──────── EXERCISE INPUTS ────────

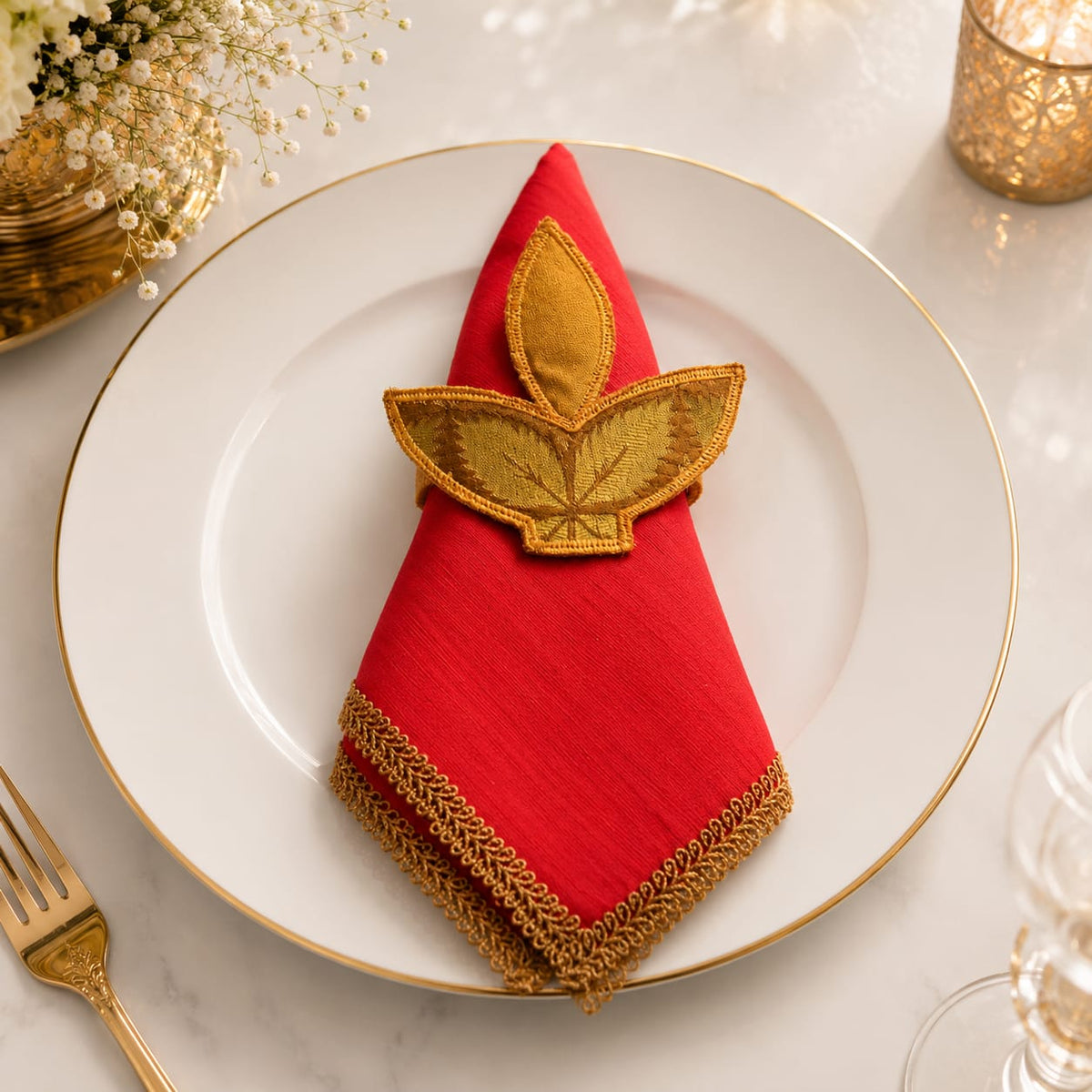 Autumn Leaf Placemat Set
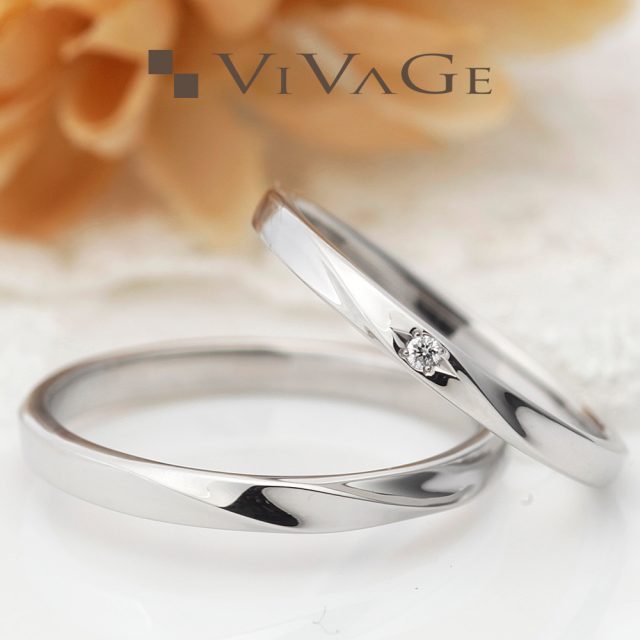 VIVAGE – プルーヴ 結婚指輪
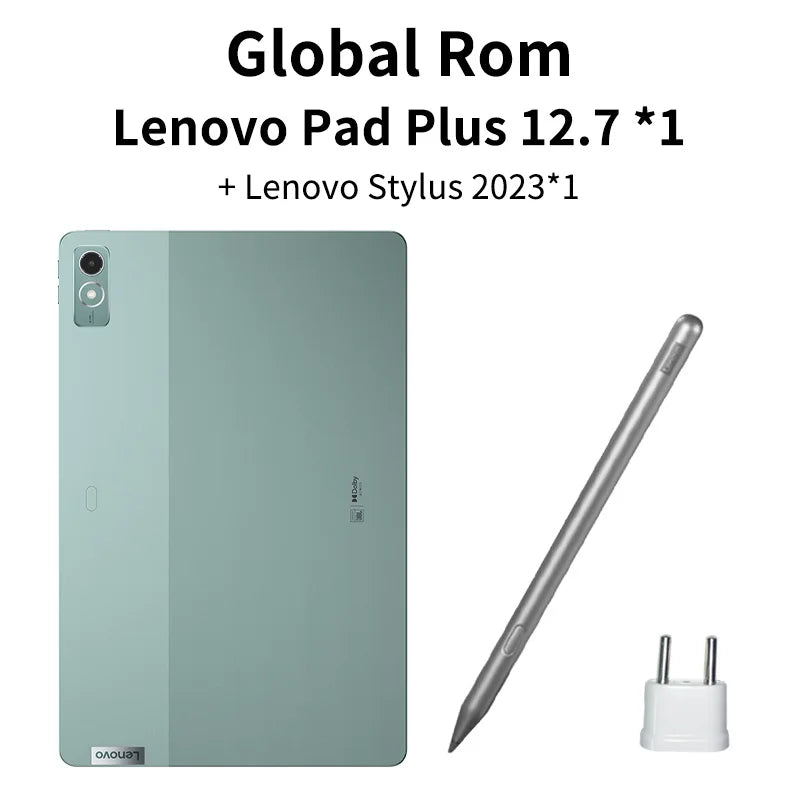 Global Rom Lenovo Xiaoxin Pad Plus 12.7 Inch with Matte Display Natural Light Anti-glare Paper Large Comfortable Visual 60hz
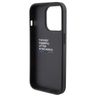 BMW BMHCP15LGSPCCK iPhone 15 Pro 6.1" czarny/black hardcase Grip Stand Smooth & Carbon na NearMe.pl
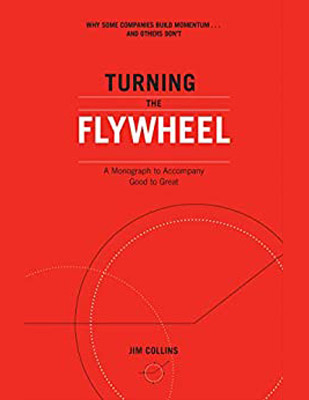 turning the flywheel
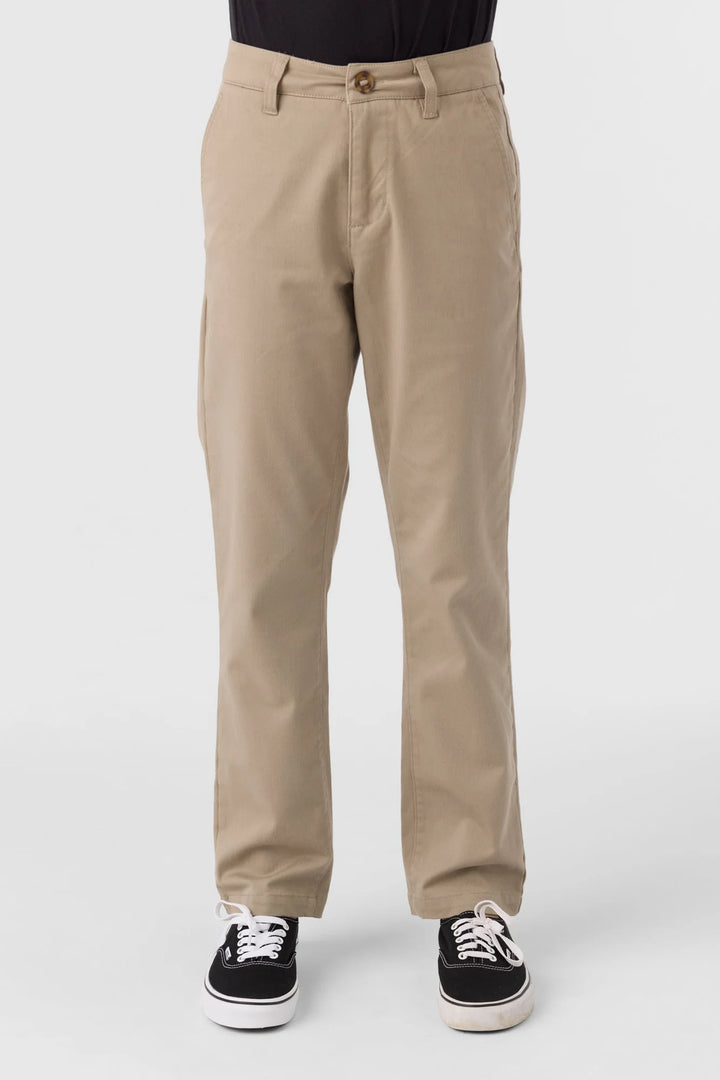 O'Neill Kids | Transporter Stretch Pant | khaki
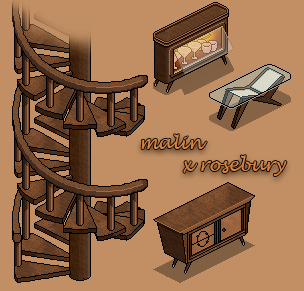 been working on this furniture line with <a href="/Rosebury_build/">Rosebury 👷🏻‍♂️</a> and wanted to share some of the furnitures we made. &amp; there's more to come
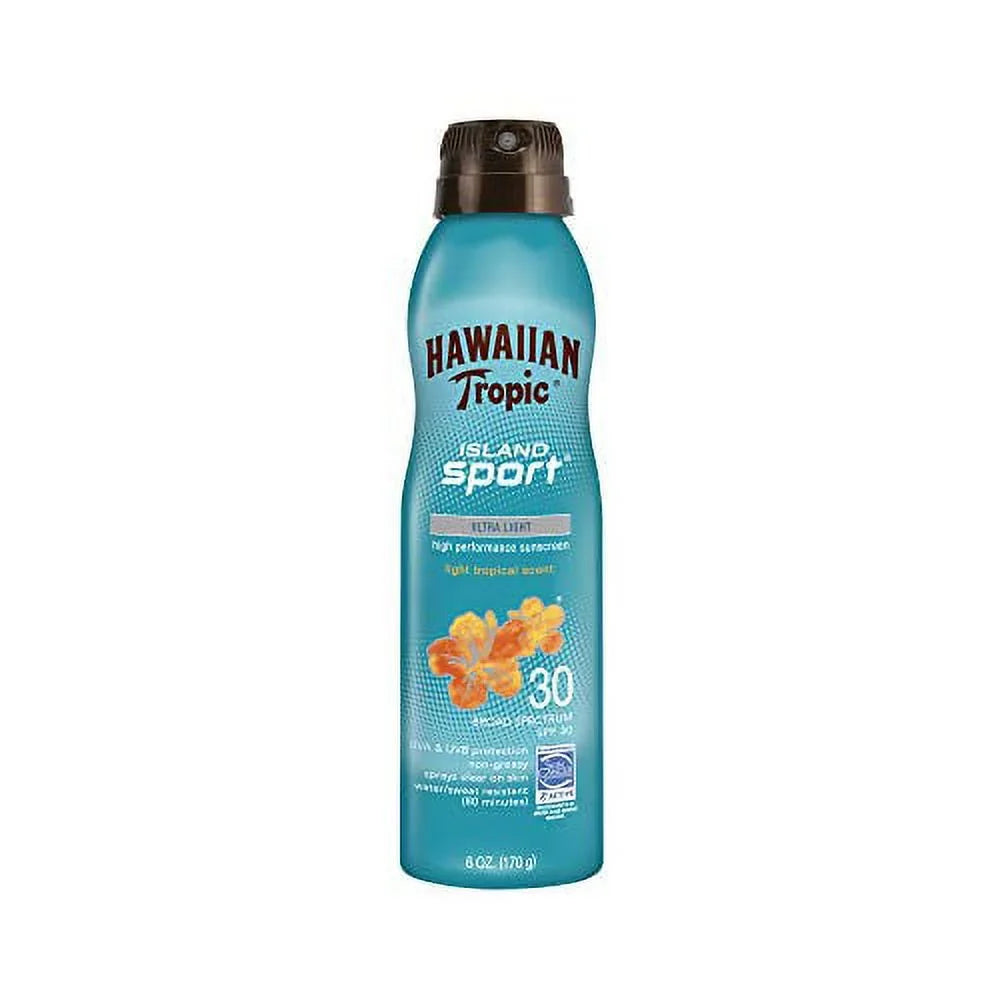 Energizer 6 Hawaiian Sunscreen, Island Tropic oz Sport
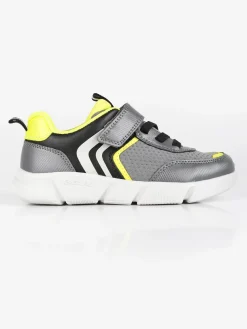 Geox J ARIL B.A Sneakers da bambino con strappo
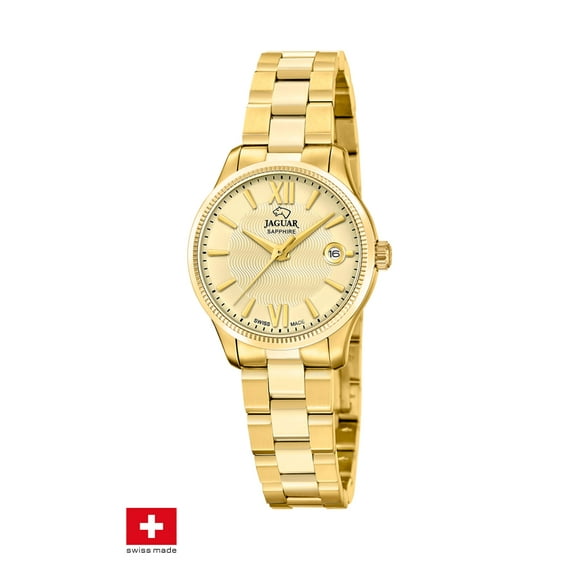 Reloj J1047/2 Jaguar Swiss Dorado Hombre Acamar (Ay-Kuh-Mar)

────────

TASK ITEM: Give back every record above word for word, dropping pictures.

REPLY:
 Autumn Leaf Placemat Set
 VIVAGE – プルーヴ 結婚指輪
 Global Rom Lenovo Xiaoxin Pad Plus 12.7 Inch with Matte Display Natural Light Anti-glare Paper Large Comfortable Visual 60hz
 BMW BMHCP15LGSPCCK iPhone 15 Pro 6.1" czarny/black hardcase Grip Stand Smooth & Carbon na NearMe.pl
 turning the flywheel
 O'Neill Kids | Transporter Stretch Pant | khaki
 been working on this furniture line with <a href="/Rosebury_build/">Rosebury 👷🏻‍♂️</a> and wanted to share some of the furnitures we made. &amp; there's more to come
 Energizer 6 Hawaiian Sunscreen, Island Tropic oz Sport
 Geox J ARIL B.A Sneakers da bambino con strappo
 Reloj J1047/2 Jaguar Swiss Dorado Hombre Acamar (Ay-Kuh-Mar)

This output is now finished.